And while she is able to walk around the physical damage Ian did, it’s a little harder to side-step the emotional damage.

“You get depressed,” Wood says. "And I guess that’s normal going through anything like that.”

Wood’s story is unforgettable. As the storm surge started to creep up her street, in a community off of John Morris Rd. in Iona, she and her husband made a decision.

They got in their pick-up truck with their adult son and their dogs and started driving toward the highest ground they could find.

“We just sat there all night long,” she told us in the first days after the storm. "There was nothing else we could do... I thought we were going to be washed away.”

After that interview on Fox 4, the calls started coming.

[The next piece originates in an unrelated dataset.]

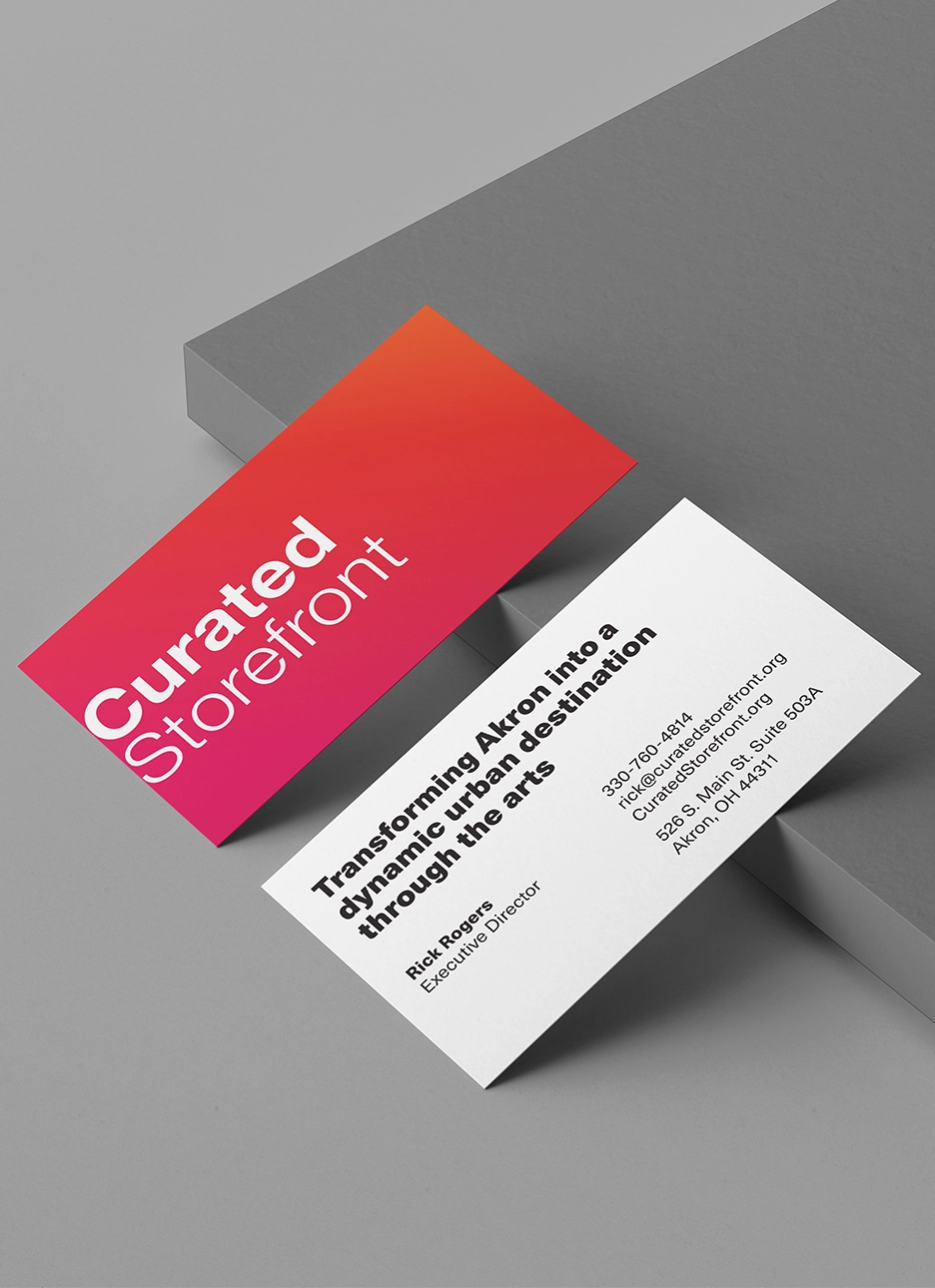 Two business cards, one with 'Curated Storefront' in white text on a red-orange gradient background, the other with contact info for Rick Rogers, Executive Director of Curated Storefront, including phone, email, website, and address in Akron, Ohio.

The Wood family’s truck was totaled because it took on water in the storm.

But it wasn’t just their story of survival that touched people. They were really touched by the way Wood and her community were helping each other, while essentially being cut off from the rest of the world.

“I’m running water from my house to my neighbor’s house and she’s washing people’s clothes,” she said in the interview. “Everybody is helping everybody. This neighbor has a car that’s working, so he’s making sure we get to the store.”

Three weeks after the storm, Marlin Wade drove from Alabama to Iona so he could give Wood a new truck.

There were hugs and tears that day. And nearly a year later, Wood says it’s still a lifesaver.

“It certainly made life easier, because I lost my car,” she said. “We were literally stranded. It takes me to the doctor to get my treatment and to get groceries, which is most important. And so far, so good.”

Wood says she has good and bad days still, because of the storm. But she also says, that sense of hope and optimism she had right after the storm is still there.

“It’s just going to take a long time,” she says. "But we’re still working together. And we still have that hope. The Lord took care of us.”